Nvidia CEO Jensen Huang unveiled the company's next graphics architecture today, the long-awaited Ampere. The six-part series, set in the CEO's kitchen and available to stream on YouTube, is largely focused towards high performance computing applications but does include a number of interesting facts and figures that'll be relevant for Nvidia's next-generation consumer graphics cards built on the same architecture.
The first implementation of Ampere is called the A100, and according to Nvidia this 7nm GPU contains 54 billion transistors into an 826mm² die. (For context, the 12nm GeForce RTX 2080 Ti contains only around 19 billion transistors in a similar area.) The A100 can achieve 19.5TF in double-precision floating point calculations, which compares pretty favourably to AMD's recently announced Radeon 7 Pro which can only manage around 6.5TF. This tremendous level of compute is backed with 40GB of HBM2 memory with a a maximum bandwidth of 1.5TB/s.
The A100 is unsurprisingly capable of some pretty impressive performance in its intended use cases of data analytics and scientific computing, but it is far from being a consumer product with a reported price of roughly $20,000 for a single GPU. Still, this could actually be a good deal for scientific endeavours, as Nvidia claim a ballpark six times to seven times increase in performance compared to the earlier Volta architecture for AI tasks like deep learning training or inference, making it a better value proposition that also consumes far less power. You could potentially replace an entire rack of Volta-based servers with a single A100. It's not often that you see such a shift in processing power, and that's a good sign for Nvidia's future consumer efforts that will no doubt be based on the same Ampere architecture.
As well as benefiting from a more efficient 7nm process, the new card also supports some new features. One of these is a data type called Tensor Float 32, which aims to capture the range of 32-bit floating point numbers and the precision of 16-bit floats, which are commonly used in AI training. The upshot of this is that, without needing to change any code, programs that use 32-bit floats will instead use the TF32 data type where appropriate and run faster on the third-generation Tensor cores included on the A100. The architecture will also handle so-called "sparse" datasets more efficiently, essentially ignoring unfilled entries to speed up calculations and reduce the amount of memory the datasets take up. For training complex AI models, where you can have datasets with millions of entries, that could translate into a massive time savings.
The big question here is what all of this actually means for Nvidia's next consumer graphics cards. Right now, not a lot - there were hopes that Jensen would provide a few hints towards what the presumably-titled RTX 30-series would look like, but the pro-focused presentation stuck to its subject matter rigidly. However, there are obvious use cases for many of the innovations mentioned.
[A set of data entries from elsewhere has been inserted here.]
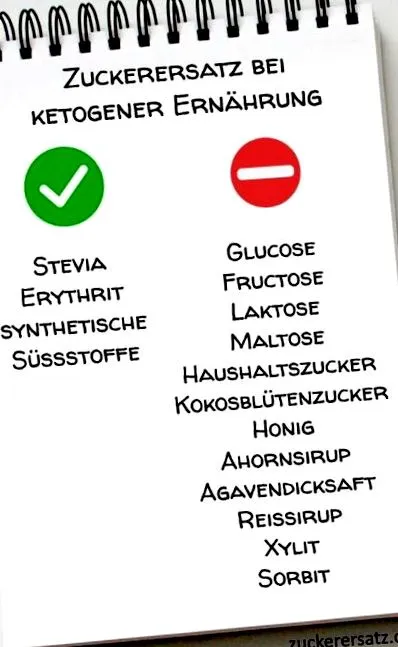 ketogén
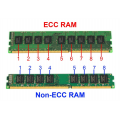 What Is ECC Memory and How Does It Work in Industrial Computing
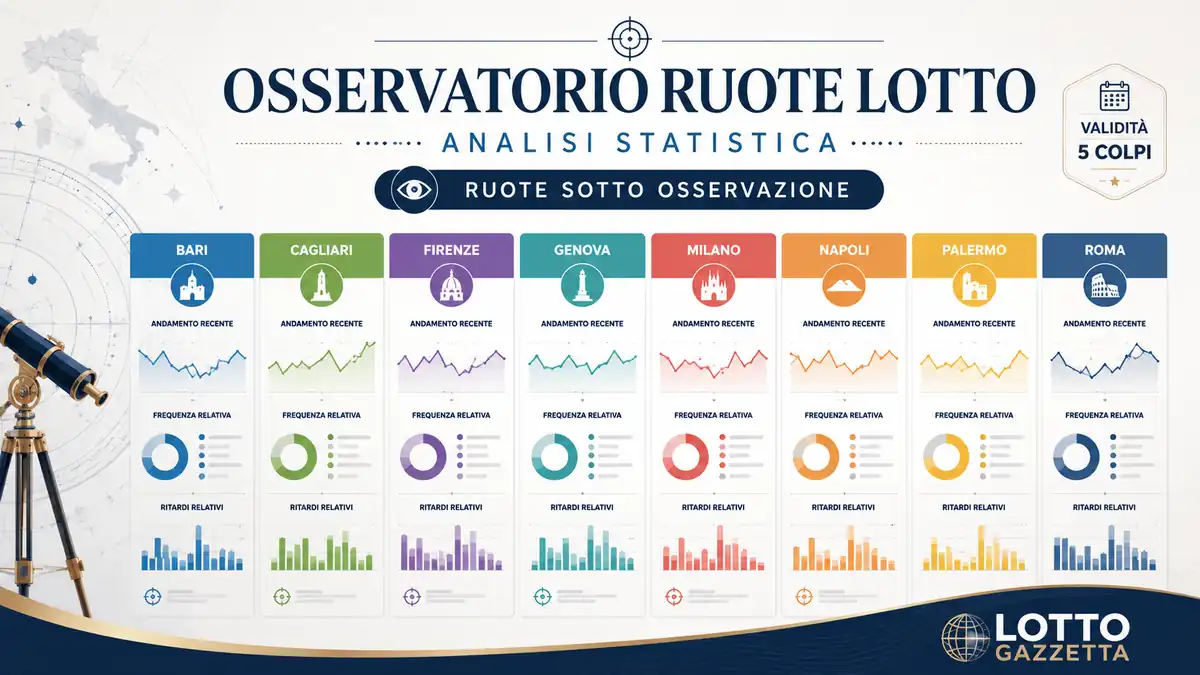 Osservatorio Ruote Lotto: Milano prima nell’analisi 3 Osservatorio Ruote Lotto: Milano prima nell’analisi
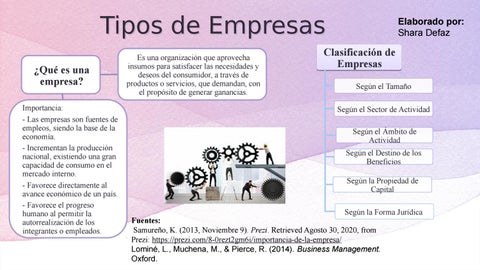 que es una compania y cual es su importancia en la economia 1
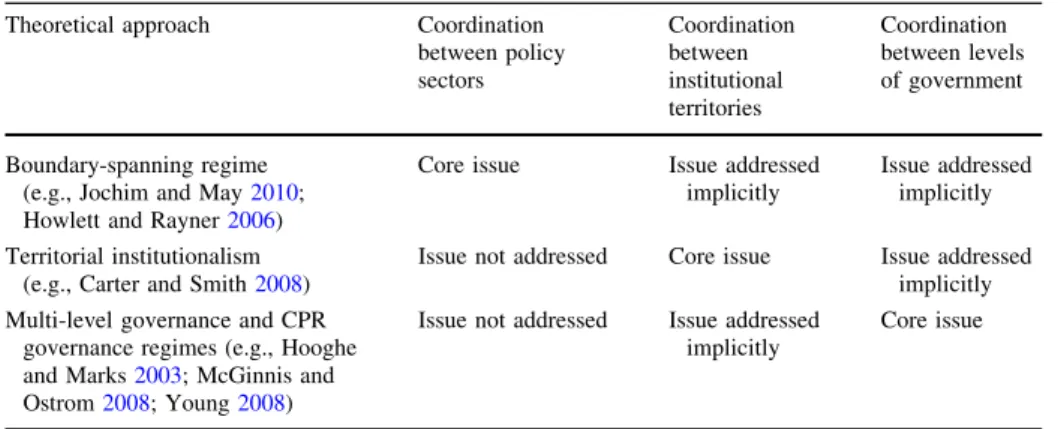 Table 1 gives an overview on the chiasmatic structure of current policy process theories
The 7nm process and its corresponding transistor density should translate into a big uptick in performance and power efficiency, which will no doubt benefit a theoretical RTX 3080 Ti. The TF32 support, sparse dataset handling and some other Ampere features are chiefly intended for AI tasks, so theoretically they could also translate to better results when using other features based on AI, such as deep learning super sampling (DLSS) or hardware-accelerated real-time ray tracing (RTX). The A100 also supports PCIe 4.0, so it's likely that any future Nvidia graphics cards would also make use of this higher bandwidth interconnect - even though there isn't a noticeable performance advantage to doing so with current-gen cards.
We could go even further into the weeds, but let's leave it there for now. There's clearly a lot to be excited about here, particularly if you work in scientific computing or AI, but there are also some fascinating developments that should influence Nvidia's future consumer graphics cards too. Let's hope that we don't have to wait too much longer to see Ampere GPUs for gaming - after all, next-gen's coming.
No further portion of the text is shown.